## Goal of the exercise
From the listing below, restate word for word the lines from the line containing "Referencias en el" down through the line containing "[Australia - AusPower]". Exclude pictures.

## Data excerpts
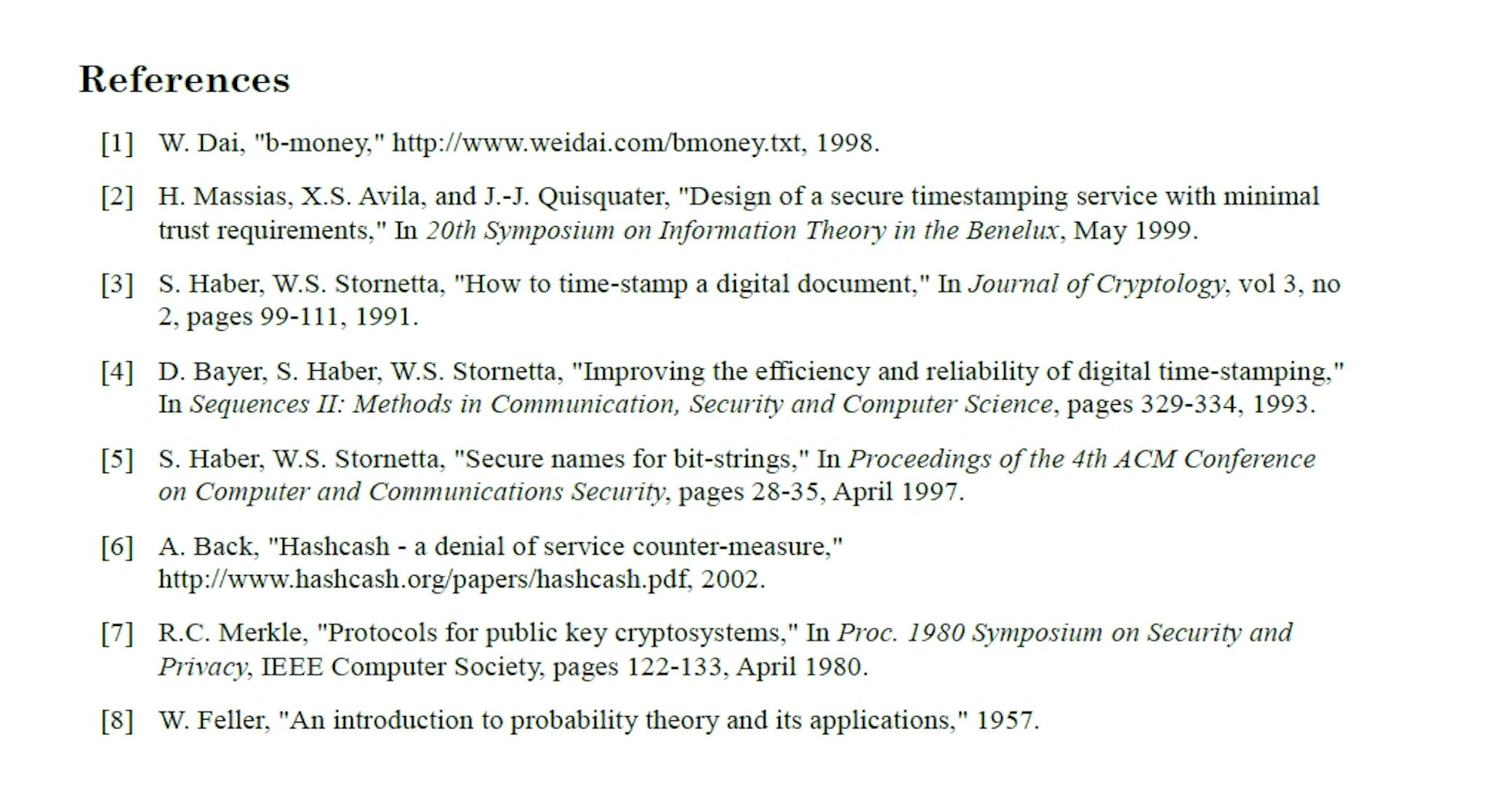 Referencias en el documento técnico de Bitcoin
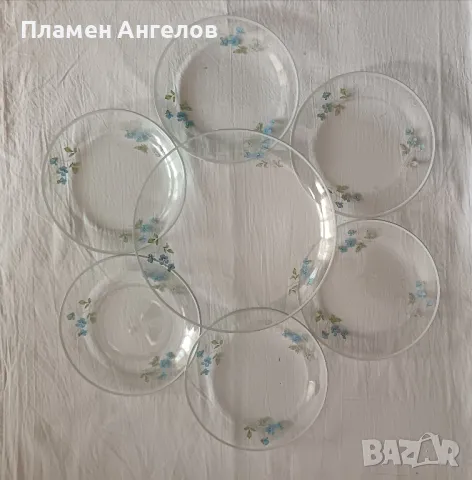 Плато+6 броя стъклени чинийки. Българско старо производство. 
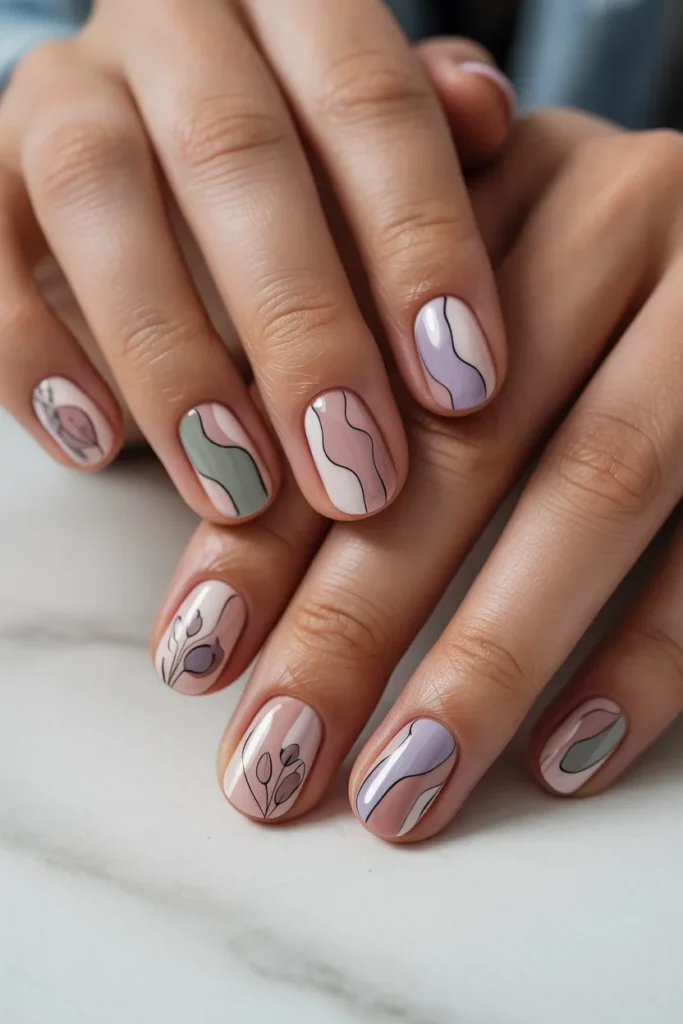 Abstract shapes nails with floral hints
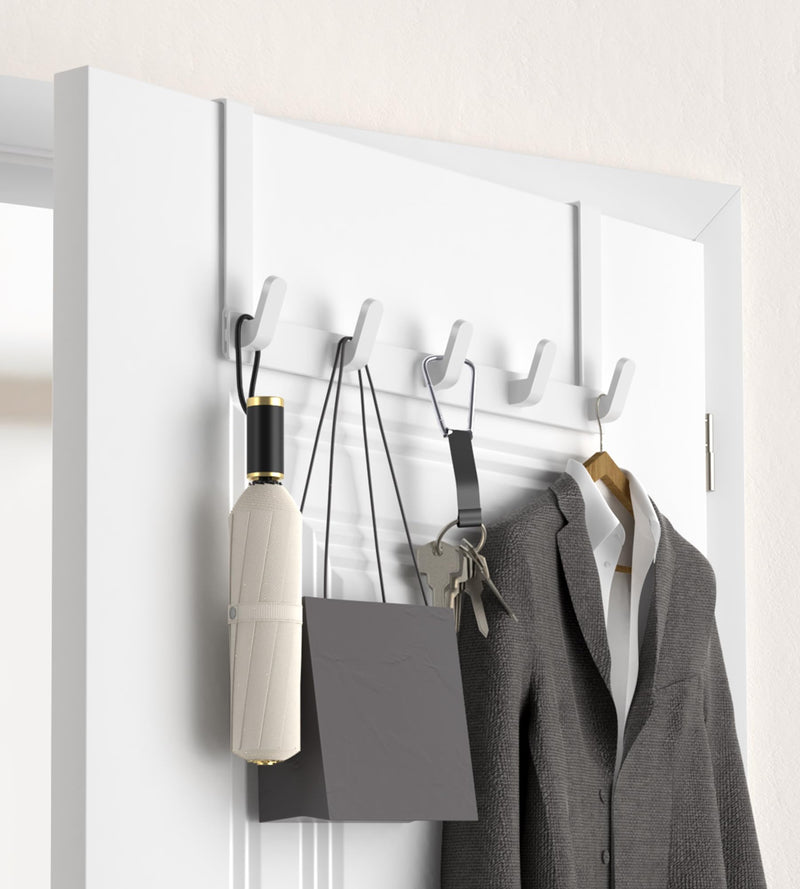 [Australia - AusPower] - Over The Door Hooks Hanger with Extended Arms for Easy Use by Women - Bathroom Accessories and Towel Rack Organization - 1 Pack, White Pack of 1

==

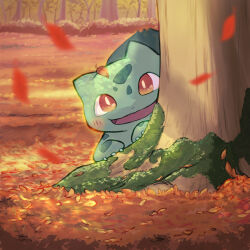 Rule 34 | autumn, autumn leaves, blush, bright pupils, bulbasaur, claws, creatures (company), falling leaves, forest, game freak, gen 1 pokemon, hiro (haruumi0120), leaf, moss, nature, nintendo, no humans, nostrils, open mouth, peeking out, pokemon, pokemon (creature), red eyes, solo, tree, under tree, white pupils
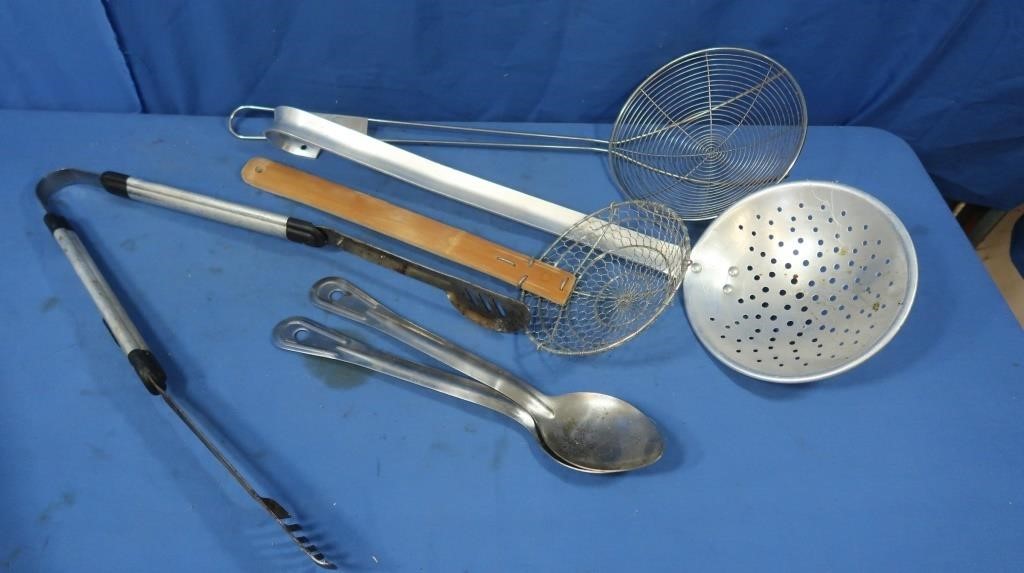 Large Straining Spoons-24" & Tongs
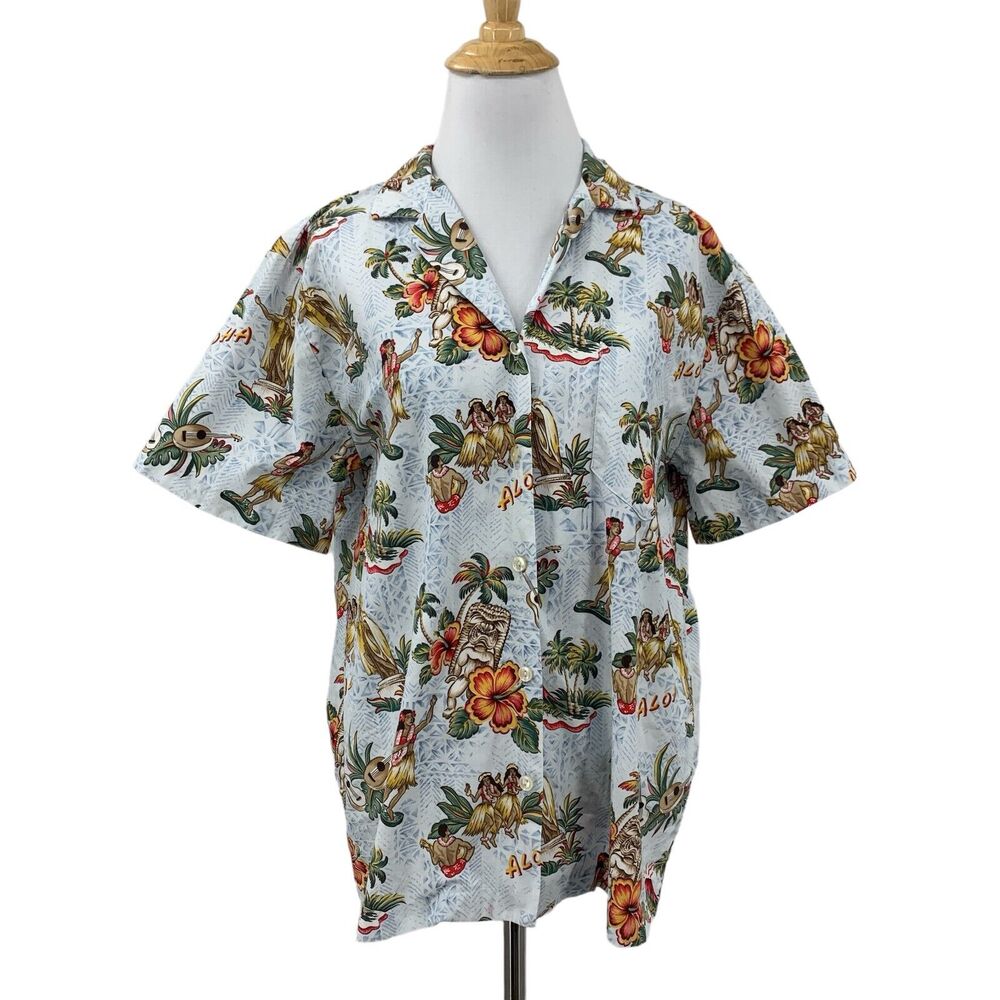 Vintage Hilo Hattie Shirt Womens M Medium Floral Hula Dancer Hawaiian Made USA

==

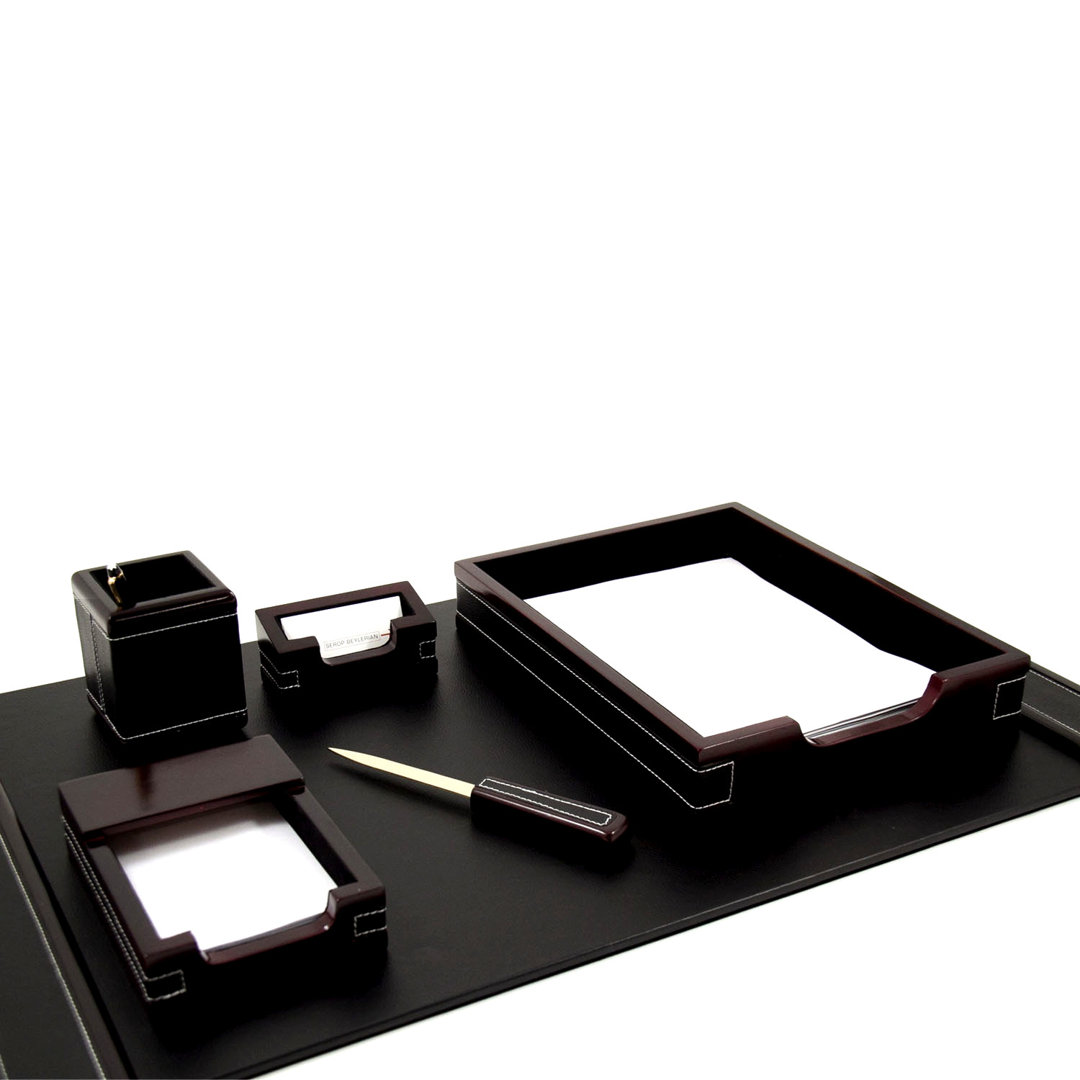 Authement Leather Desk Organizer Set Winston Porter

## Answer below
 Referencias en el documento técnico de Bitcoin
 Плато+6 броя стъклени чинийки. Българско старо производство. 
 Abstract shapes nails with floral hints
 [Australia - AusPower] - Over The Door Hooks Hanger with Extended Arms for Easy Use by Women - Bathroom Accessories and Towel Rack Organization - 1 Pack, White Pack of 1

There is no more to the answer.